Georges CONRAD (1874-1936)

La Locomotive, vers 1900
Encre et aquarelle sur papier
48,5 × 29,8 cm
Signé à droite sur le motif G. CONRAD
Georges Conrad développe un talent certain pour le dessin dans sa jeunesse. Admis à l’École des beaux-arts, il interrompt ses études en 1895 pour répondre à ses obligations militaires. Alors qu’il est en garnison au 5e régiment du génie à Versailles, le jeune artiste entame une collaboration avec plusieurs journaux auxquels il fournit des illustrations. Des périodiques comme Touche à tout, Le Frou-frou et Don Juan publient régulièrement ses dessins. Les frères Charles et Jules Tallandier, nouveaux propriétaires du Journal des voyages, un hebdomadaire très populaire en cette fin de siècle, lui passent commande de nombreuses couvertures. En mélangeant récits réalistes d’explorateurs et fictions fantastiques publiés par épisodes, ce journal offre à Conrad une source variée de sujets hauts en couleur. Son style dynamique et narratif s’adapte parfaitement à l’illustration d’histoires racontant la découverte de pays lointains et exotiques à cheval, en bateau, en montgolfière ou en train. Moyen de locomotion le plus rapide de l’époque, le train tient une place particulière dans les récits d’aventures et donc dans l’œuvre de Georges Conrad, à l’image de la couverture du numéro 545 du Journal des voyages illustrant l’attaque d’une locomotive par des brigands, titré « Une évasion à toute vapeur ».

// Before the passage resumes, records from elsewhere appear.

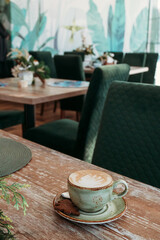 Coffee in blue cup on wooden table in cafe with lighting background. Place for text.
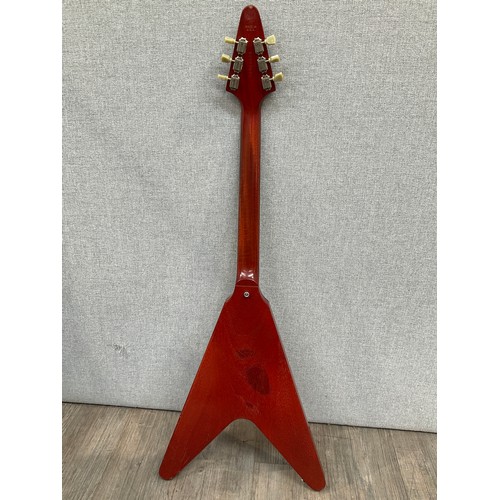 5205 - A Gibson Flying V electric guitar with worn cherry body, white three-ply pickguard and crescent moon... 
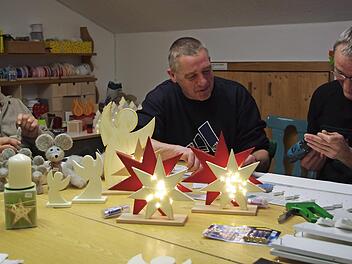 Im Haus Fischbachtal wird fleißig für den Adventsbasar gewerkelt. Von links: Udo filzt eine Maus. Torsten hilft Michael bei der Montage eines "Lichterwaldes" Foto: K.- H. Hofmann
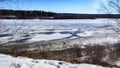 Spring landscape with tree with bare branches, river with ice, snow below on river and blue sky in the background in Royalty Free Stock Photo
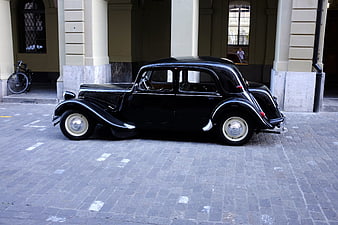Vintage black classic car parked on cobblestone street
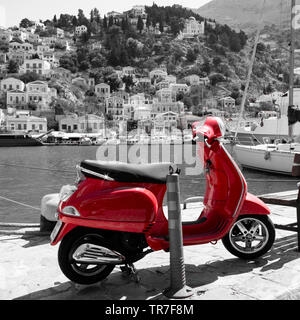 Schwarzweiß-Bild der Hafen von Symi in Griechenland mit einem roten Roller im Vordergrund. Stockfoto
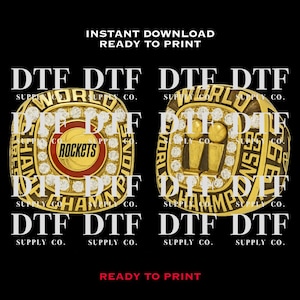 May include: Two gold-colored championship rings with the text "DTF SUPPLY CO." and "WORLD CHAMPIONS" on a black background. One ring features a basketball and the word "ROCKETS". The other ring has two trophies.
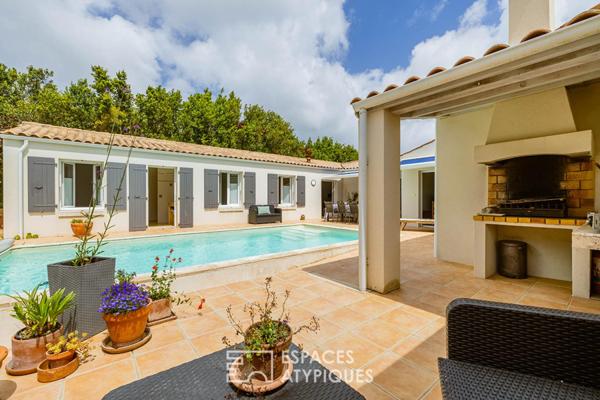 Villa avec piscine dans un écrin paysager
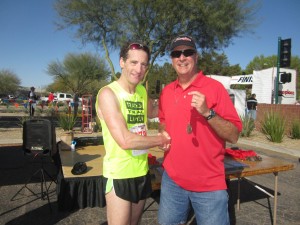 Double Down Race Directors presented Herndon Injury Lawyer Doug Landau with his medal after he completed the Runners Den 5km and 10km races in Phoenix, Arizona before the Association fort Justice CLE sessions resumed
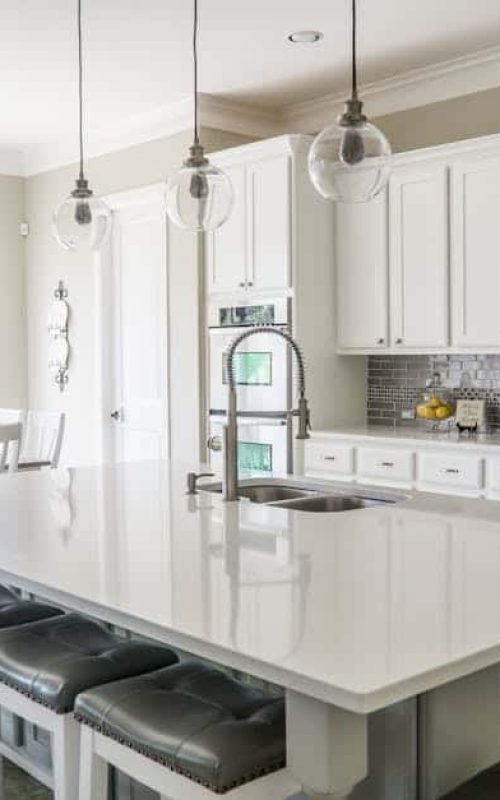 Contemporary white kitchen with island, pendant lights, and large windows.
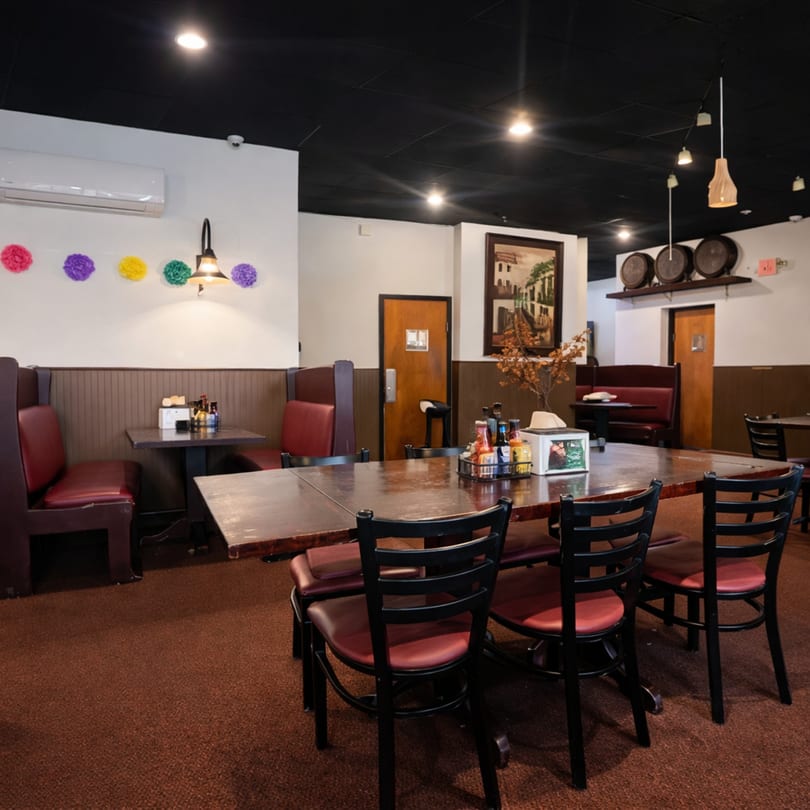 Restaurant interior with red booths, dark tables, black chairs, and colorful wall decorations.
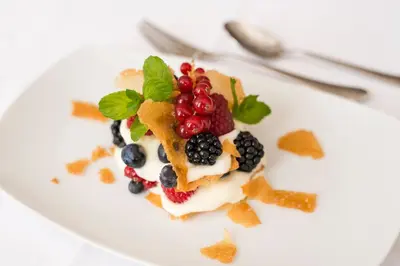 a white plate with a dessert with berries and whipped cream at Hotel Kiendl in Schenna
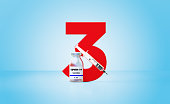 Syringe and COVID-19 Vaccine Bottle Sitting Next To A Huge Red Number Three Over Blue Background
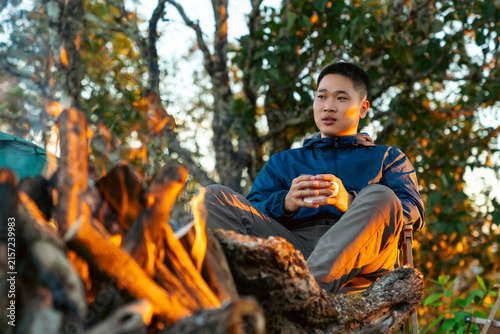 Bild auf Leinwand Asian man drinking hot coffee while solo travel nature and camping at forest mountain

Pour un autre projet, l’artiste compose sur une feuille de grand format une image au premier regard énigmatique. Plongés dans l’obscurité d’un lavis d’encre aux effets nocturnes, deux yeux rouges nous regardent. Fixée à droite d’un panneau rectangulaire, cette paire d’ampoules sert de signalisation sur la voie d’un chemin de fer. Le temps de la surprise passé, petit à petit, certains détails apparaissent. Au loin, quelques bâtiments construits au pied d’une montagne marquent l’emplacement d’une gare alors que, sur la droite, le profil tronqué d’une locomotive se dessine en contre-jour. Quelques traits de gouache blanche mêlés à l’encre évoquent le brouillard ambiant et les fumées qui se dégagent de la cheminée nourrie au charbon par les conducteurs de la machine. En bas, la surface du papier laissée en réserve ménage un espace pour accueillir avant impression un paragraphe de texte. En l’absence de toute annotation ou mention, hormis la signature de l’auteur, il est très difficile d’identifier la destination de cette composition. Le regard contemporain associerait volontiers l’image de ce panneau de signalisation avec certaines figures du bestiaire surréaliste de Max Ernst et de Joan Miró peintes ou sculptées trente ans plus tard.
Malgré quelques rares envois à des salons de province, Georges Conrad consacre l’ensemble de sa carrière à la réalisation d’illustrations pour des livres et des journaux. Installé en Normandie, près de Rouen à partir de 1920, il aménage son atelier dans les combles de l’hôtel Méridien au Val-de-la-Haye.